Эта экскурсия в область формальной логики имела бы значение лишь в том случае, если бы несомненно было главное утверждение, с которого начинает наш автор, а именно, что «человечество и народ (нация, племя) относятся друг к другу как родовое понятие к видовому». Но откуда взялось это утверждение и какие у него основания – это остается неизвестным. На самом деле, отношения между человечеством и народом можно и должно мыслить совершенно иначе. Но допустим, что наш автор вообще прав, перенося это отношение в сферу отвлеченно-логическую. Во всяком случае, необходимо признать, что понятия рода и вида имеют совершенно относительный и условный характер. Одна и та же группа, относясь к подчиненным группам как род к видам, может сама иметь лишь подчиненное видовое значение относительно другой, более обширной группы. Сам Данилевский постоянно сбивается и колеблется, когда хочет определить реальные виды человеческого рода: то в качестве этих видов являются у него народы, то племена, то культурно-исторические типы. И однако, несмотря на такую условность в различии видового от родового, наш автор выводит из этого различения очень тяжеловесные нравственные и практические заключения. «Если та группа, – говорит он, – которой мы придаем название культурно-исторического типа, и не есть абсолютно высшая, то она, во всяком случае, высшая из всех тех, интересы которых могут быть сознательными для человека, и составляет, следовательно, последний предел, до которого может и должно простираться подчинение низших интересов высшим, пожертвование частных целей общим»[71]. «Интерес человечества» есть бессмысленное выражение для человека, тогда как слово «европейский интерес» не есть пустое слово для француза, немца, англичанина[72]. Точно так же для всякого славянина «идея славянства должна быть высшею идеей, выше свободы, выше науки, выше просвещения»[73]. Отрицая всякие обязанности к человечеству, автор признает (кроме обязанностей к отдельным людям) еще «особые обязанности не только к государству, но и к той высшей единице, которую мы называем культурно-историческим типом».[74]
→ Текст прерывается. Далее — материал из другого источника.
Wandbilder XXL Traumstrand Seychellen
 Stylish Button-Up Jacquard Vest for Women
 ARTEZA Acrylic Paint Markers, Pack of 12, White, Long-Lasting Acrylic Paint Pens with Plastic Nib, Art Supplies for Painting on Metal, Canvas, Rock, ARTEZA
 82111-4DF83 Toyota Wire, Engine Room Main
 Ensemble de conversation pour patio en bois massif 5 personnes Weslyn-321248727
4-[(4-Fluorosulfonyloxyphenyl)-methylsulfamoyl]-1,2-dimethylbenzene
Трудно решить, о чем здесь, собственно, говорится: о действительных отношениях или же только об идеале, о том, что должно быть. Но ясно, что в обоих случаях автор совершенно неправ. Если бы, как он думает, французы, немцы, англичане признавали свои обязанности к Европе и ее общий интерес ставили выше своих национальных интересов, то постоянный антагонизм и ожесточенные войны между европейскими народами были бы невозможны, или, во всяком случае, рассматривались бы всеми как преступное междоусобие. Однако, когда Франция при последних Валуа и первых Бурбонах ради национального и политического соперничества с Испанией и Австрией вступала в союз с чуждыми (и в то время опасными) Европе турками, никто не смотрел на это как на измену «романо-германскому культурно-историческому типу», как на преступное нарушение обязанностей относительно высшей социальной группы. Если же автор имеет в виду не политические отношения и взгляды, а требования общественной нравственности, то решительно не видно, почему он останавливается на культурно-историческом типе как на высшем пределе таких требований. Несомненно, что этот предел (не говоря уже о его чрезвычайной шаткости и неясности) не только может быть перейден, но лучшими представителями человечества действительно переходился. Ясно, например, что не о каком-нибудь культурно-историческом типе, а о чем-то более обширном и высоком заботился апостол Павел, когда распространял христианство, проповедуя объединение всего человечества во Христе.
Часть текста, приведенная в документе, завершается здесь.